Four faculty honored by emeriti, retirees association
The legacy of a Nebraska alumnae is providing recognition for the continued service and ongoing research of university retirees.
Organized by the University of Nebraska–Lincoln Emeriti and Retirees Association, the honors are supported by the Maude E. Wisherd Fund. Wisherd was a librarian at the University of Nebraska from 1916 to 1965.
The inaugural Wisherd Award for Outstanding Service to the university has been awarded to John Bernthal, emeriti professor of special education and communication disorders. The Wisherd Award for Outstanding Community Service has been presented to Dick Dienstbier, emeriti professor of psychology.
Research awards were awarded to Donald Weeks, professor emeritus in biochemistry, and Donald Johnson, professor emeritus in mechanical and materials engineering.
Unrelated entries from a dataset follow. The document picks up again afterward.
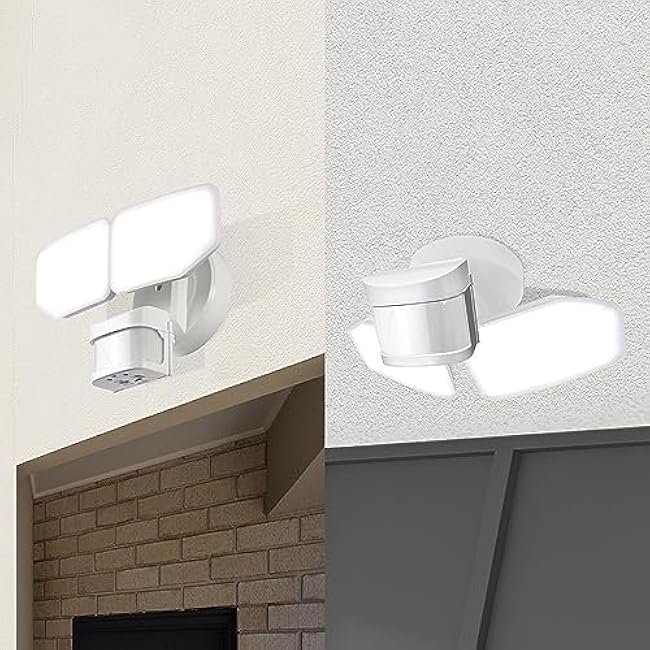 Security Lights 30W 5100 K White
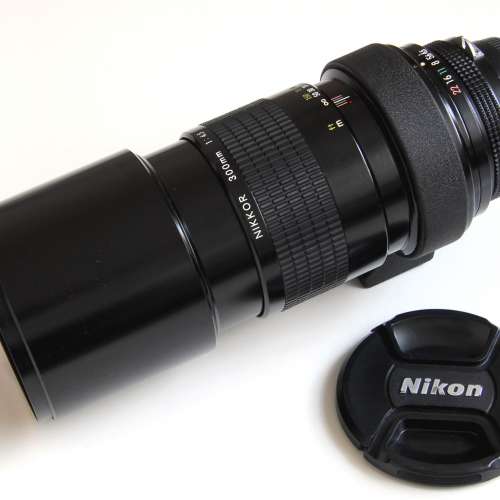 Nikon 300mm f4.5 Nikkor non-AI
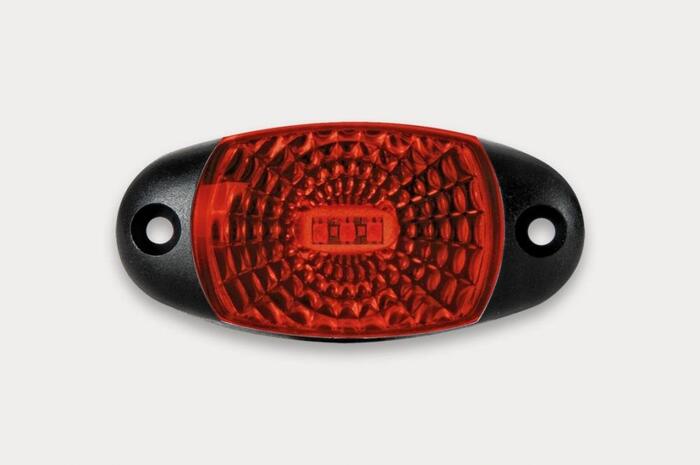 LED Sarkans piekabes gabarītlukturis FT-025 Fristom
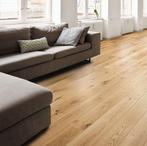 Meerdere Lagen XL Lamel Parket Oak Bevelled Natuur 349 14mm, 75 m² ou plus, Parquet, Brun, Enlèvement ou Envoi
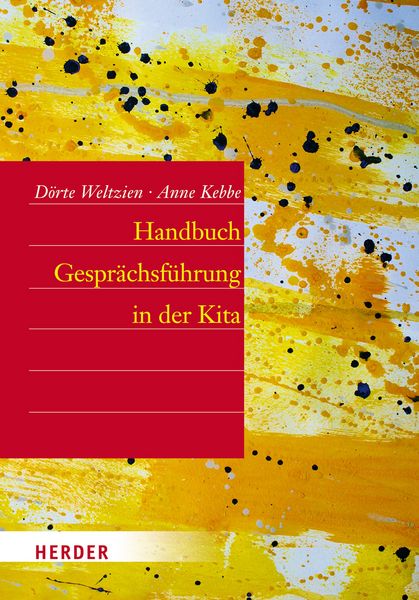 Produktbild: Handbuch Gespr&auml;chsf&uuml;hrung in der Kita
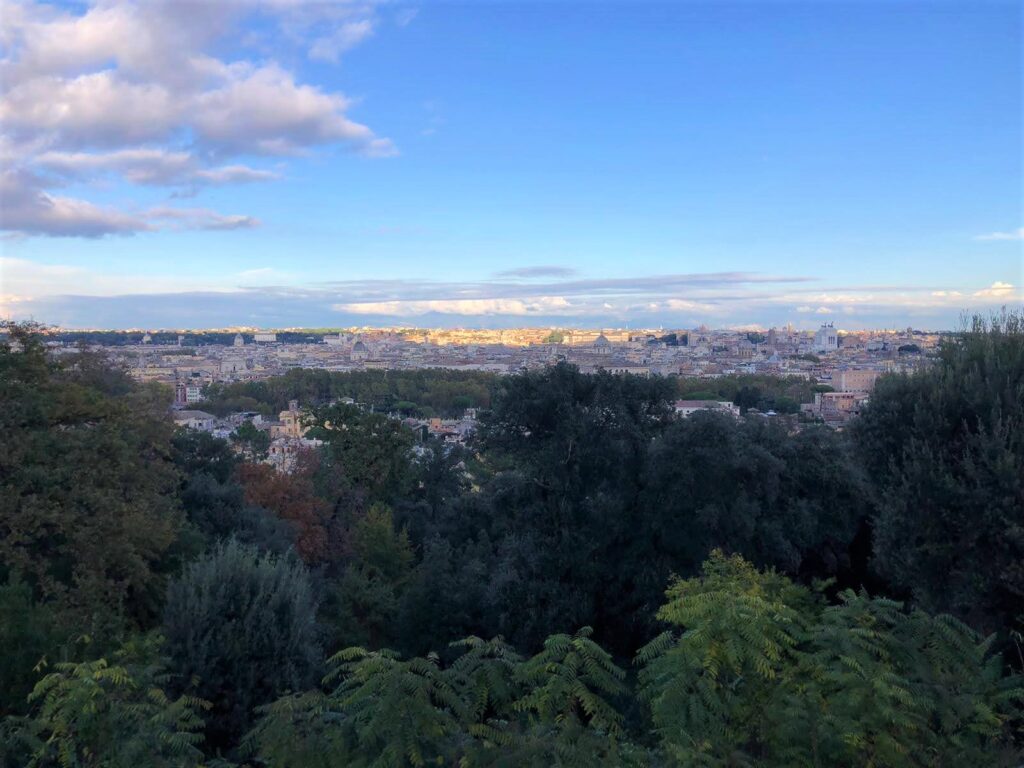 Vedere Roma dall'alto: la terrazza del Gianicolo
Bernthal’s received the service honor for his: leadership in Nebraska’s and Big Ten’s retirees associations; ushering at the Lied Center for Performing Arts; leading guest lectures in campus courses; continued service on doctoral committees; representing the university in professional associations; and making accreditation visits for the American Speech-Language and Audiology Association.
Dienstbier’s volunteer service in the Lincoln community includes: a decade of teaching and planning courses in the Osher Lifelong Learning Institute; organizing the free Winter Lecture Series offered annually by OLLI and the Unitarian Church of Lincoln; planning an annual one-day symposium that reflects the previous topic of the Winter Lecture Series; and serving as a lecturer in the university’s Speaker’s Bureau.
Dienstbier said many retired people serve to provide something of value and as a way to continue learning.
“Serving can serve us, too,” Dienstbier said.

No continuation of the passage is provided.